▶ [Task requirements]
With the images omitted, return all of the entries exactly as they stand.

============================================================

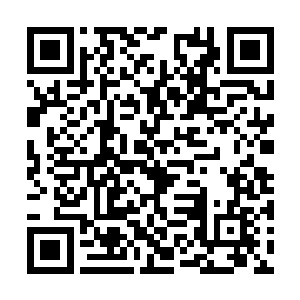 陈长生忽然发现接下来的话自己不知道该怎么说了二维码生成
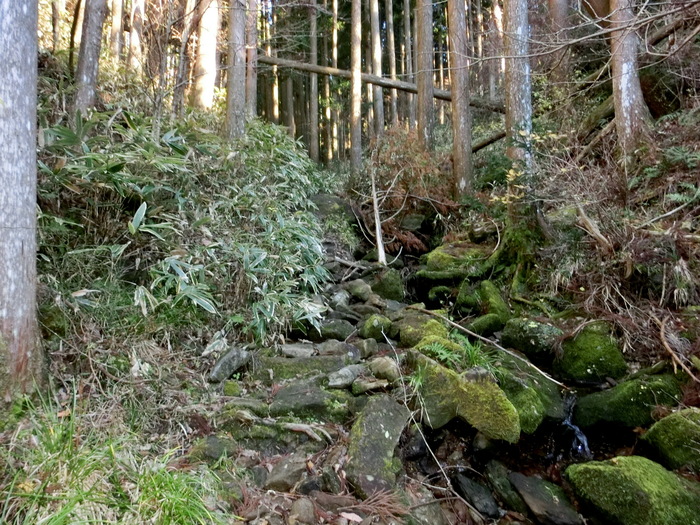 b0185573_1062253.jpg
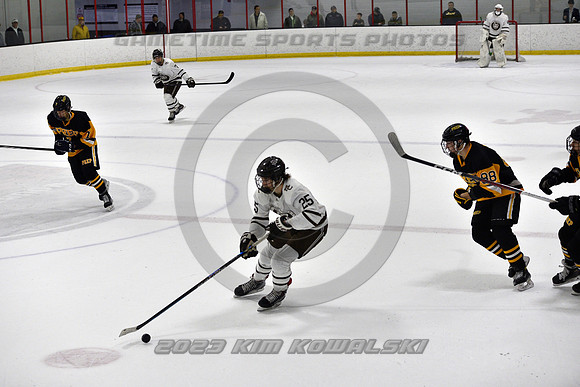 _GSP3115 (Copy)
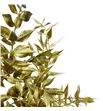 Ruscus fino oro 70 x5t - RUSFINOROS1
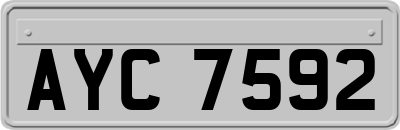 AYC7592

============================================================

▶ [Reply]
 陈长生忽然发现接下来的话自己不知道该怎么说了二维码生成
 b0185573_1062253.jpg
 _GSP3115 (Copy)
 Ruscus fino oro 70 x5t - RUSFINOROS1
 AYC7592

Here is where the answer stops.